For many of us, it’s not the big, glaring expenses that drain our wallets (although they can). Sometimes, it’s the small, seemingly insignificant ones that, over time, add up and distract our hard-earned money from its maximum potential.
It’s these subtle money drains that we rarely spend time to evaluate.
So, in case you find it helpful, here are twelve subtle ways you might be wasting money:
1. Overspending on Clothing.
The average American family spends nearly $2,000 per year on clothes.
Try to resist the allure of fast fashion and constant wardrobe updates. Choose quality over quantity.
Better yet, consider a capsule wardrobe. Not only will this save you money, but it will also save you time deciding what to wear each day.
2. Size of Your Home.
Bigger isn’t always better. In fact, there are lots of benefits to owning a smaller home.
Downsizing your home can lead to substantial savings in mortgage payments, property taxes, utilities, and maintenance.
3. Recurring Subscriptions.
These can quickly add up. Do you have magazine subscriptions you never read? Streaming services you rarely use? Apps that automatically renew?
Take a moment to review these and cancel the ones that no longer serve you. It takes only a few clicks on your phone to check for recurring subscriptions that you don’t use.
4. Not Monitoring Utility Usage.
When was the last time you evaluated your home energy use? Maybe every time you get your bill.

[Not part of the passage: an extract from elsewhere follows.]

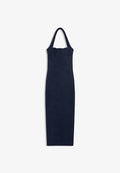 Bershka MIDI - Denim dress - royal blue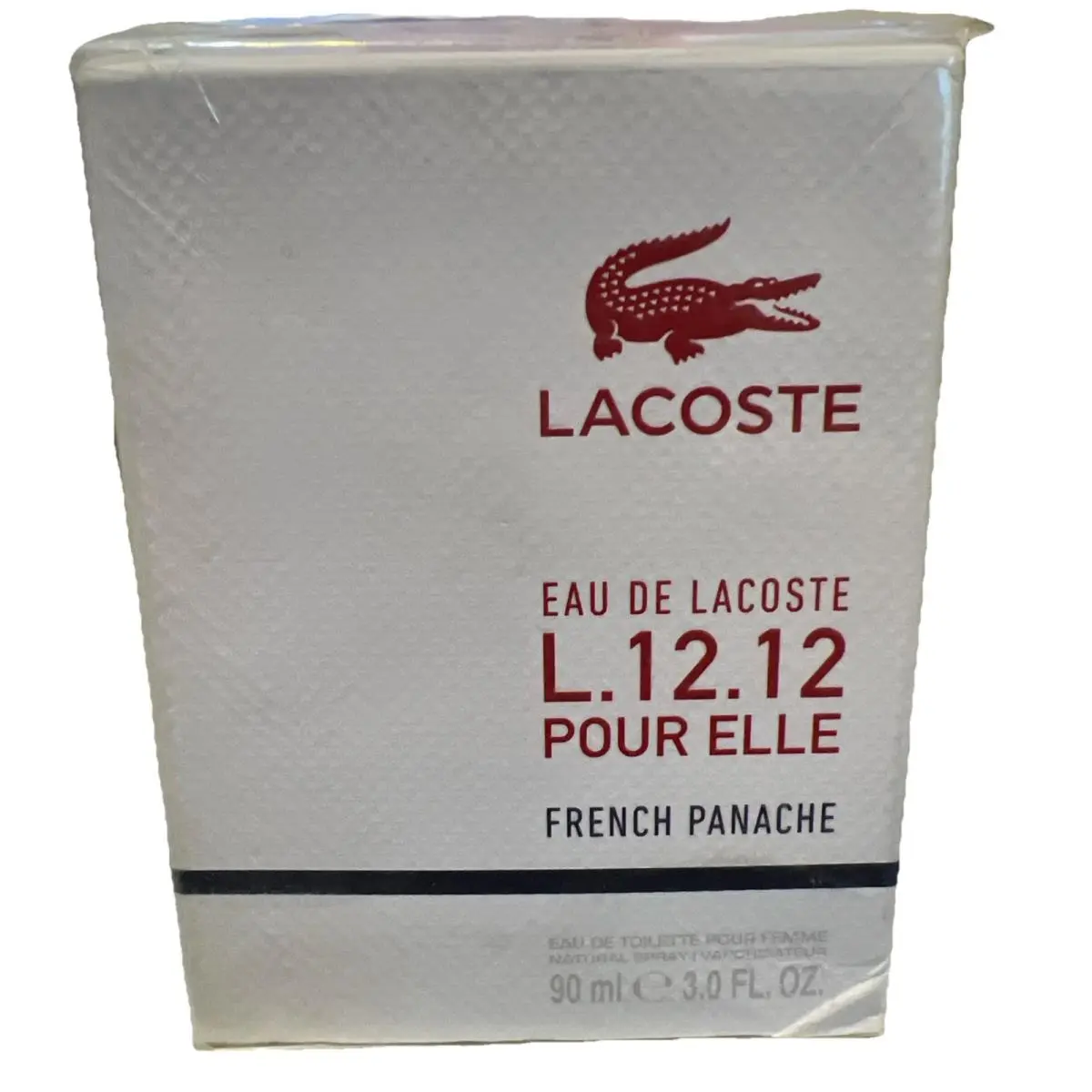 Lacoste L.12.12 Pour Elle French Panache Eau De Toilette Spray W 90 ML 3.0 FL OZ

But let me rephrase the question: When was the last time you tried out less energy use (changing the thermostat or looking at electricity use in your home).
Are you mindful of your energy usage? Do you turn off lights when you leave the room? Could you be more efficient with your heating and cooling? Small changes can lead to big savings over time.
5. Frequent Eating Out.
Eating out is convenient, but it’s often an area where we waste more money than we realize.
Try meal planning, cooking at home, and packing lunches. You’ll be surprised at the savings. The cost saving of eating at home is one of the best financial lessons I ever learned from my parents.
6. Not Using a Library.
Books, magazines, movies, music—your local library has it all.
7. Paying for Unused Memberships.
Gym memberships, magazine subscriptions, monthly boxes, even monthly car wash subscriptions.
If you aren’t fully utilizing these services, or worse yet, if you’ve forgotten you’re still paying for them, it’s time to reevaluate. By cutting back or canceling unused memberships and subscriptions, you could save a significant amount annually.
8. Buying Brand Names.
There are many products where the store brand is just as good (if not better) than the national brand.
Clothes are a great example. Too often, people pay a premium just for the privilege of become a walking billboard.
But this goes for everything from groceries to medication.
9. Not Utilizing Credit Card Rewards.
If you’re going to use a credit card, make sure you’re getting the most out of it.
But remember to pay off the balance each month to avoid costly interest fees.
10. Ignoring Your Health.
An apple a day keeps the doctor away, as they say. And it costs a whole lot less.
Regular exercise, a healthy diet, and routine check-ups can prevent costly medical bills in the future.
11. Wasting Food.
To avoid wasting food, and thus money, consider planning your meals, regularly checking your refrigerator and pantry to use items before they expire, or even simplify your meal routine. Being more conscious about our food consumption, we can find another avenue for substantial savings.
12. Not Investing in High-Quality Items.
Sometimes, the cheapest option isn’t the most cost-effective. Investing in high-quality items can save money in the long run as they tend to last longer, reducing the need for replacements.
In fact, that’s one of the most surprising benefits of minimalism—the less you own, the higher quality items you can own.
These small adjustments can make a huge difference in your financial health over time.
And by considering where your money goes, you can make more intentional decisions that align with your values, and find yourself with more financial freedom than you thought possible.